What Happened VerifyMe, Inc. (VRME) announced on Feb. 11, 2026 that it entered into an Agreement and Plan of Merger with its wholly owned subsidiary Merger Sub and Open World Ltd. Under the agreement Merger Sub will merge into Open World, leaving Open World as a wholly‑owned subsidiary of VerifyMe. The parties expect pre‑closing VerifyMe stockholders to retain roughly 10% of the combined company and holders of Open World ordinary shares and SAFEs to receive newly issued VerifyMe common stock representing approximately 90% of the post‑closing shares. The company must file a Form S‑4 (proxy statement/prospectus) and obtain stockholder and regulatory approvals before closing.

Key Details

  • Expected ownership split after closing: existing VerifyMe holders ~10%; Open World holders and SAFEs ~90%.
  • Merger closing conditions include: effectiveness of the Form S‑4, required stockholder votes, expiration of regulatory waiting periods, written Cayman Islands Trade & Business Licensing Board approval, Nasdaq approval of the post‑merger listing application, Company having Closing Net Cash ≥ $1.0 million, and certain corporate actions (e.g., PeriShip credit facility termination; possible reverse stock split).
  • Support: certain VerifyMe stockholders (including directors/officers) holding ~14% agreed to vote in favor under Stockholder Support Agreements.
  • Executive changes and compensation: David Edmonds, Marshall Geller, Howard Goldberg and Adam Stedham are expected to resign from the board at closing. Employment agreements executed (effective at closing) include: Adam Stedham (new role: President of Precision Logistics) with $300,000 base salary and Jennifer Cola to continue as CFO with $180,000 base salary; Ms. Cola was granted 130,000 restricted shares vesting at the Effective Time.
  • The company terminated its At‑The‑Market (ATM) sales agreement with Roth Capital; the ATM program will end on Feb. 16, 2026 and no shares were sold under it.
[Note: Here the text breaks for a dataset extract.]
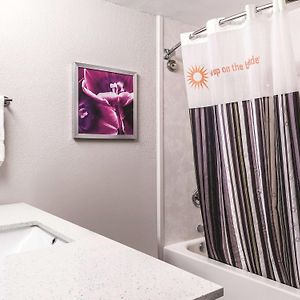 Studio Suite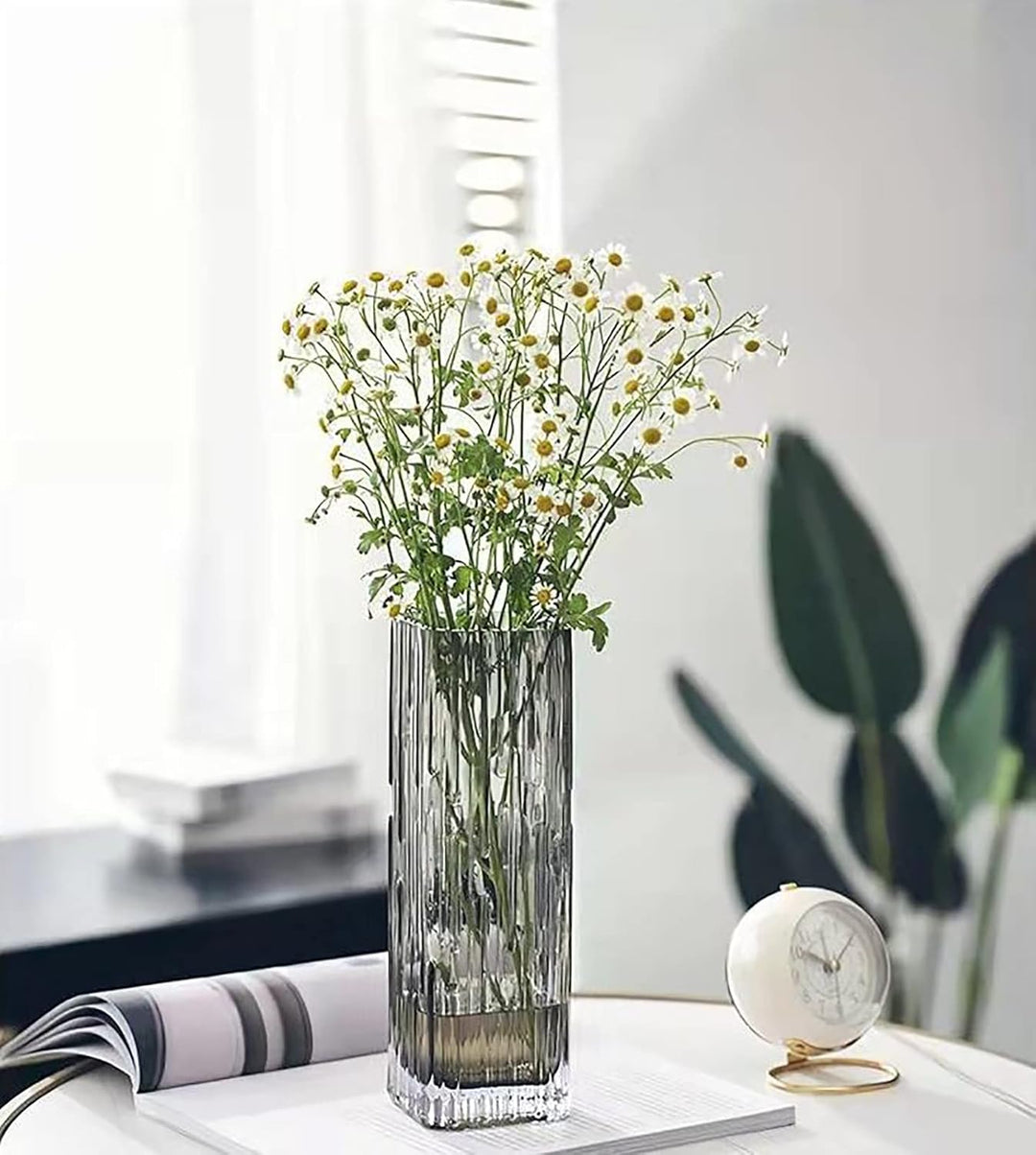 Rxcvkmw Moderne, minimalistische Glasvase, quadratische Vase, Kristallglasvase, Vase, trockene Vase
Why It Matters This is a potential change-of-control transaction that would substantially dilute current VerifyMe public shareholders (they would hold about 10% of the combined company if the deal closes as expected). Completion depends on multiple approvals and conditions (SEC registration/Form S‑4 effectiveness, shareholder votes, Nasdaq listing approval, regulatory consents, and a minimum cash threshold). The filing also signals planned management and board changes, acceleration of certain equity awards at closing, and new compensation commitments for key executives — all material items investors should consider when evaluating near‑term ownership, governance and liquidity implications. Investors should review the forthcoming Form S‑4/proxy materials once filed for full details and the exact exchange ratio and risk factors.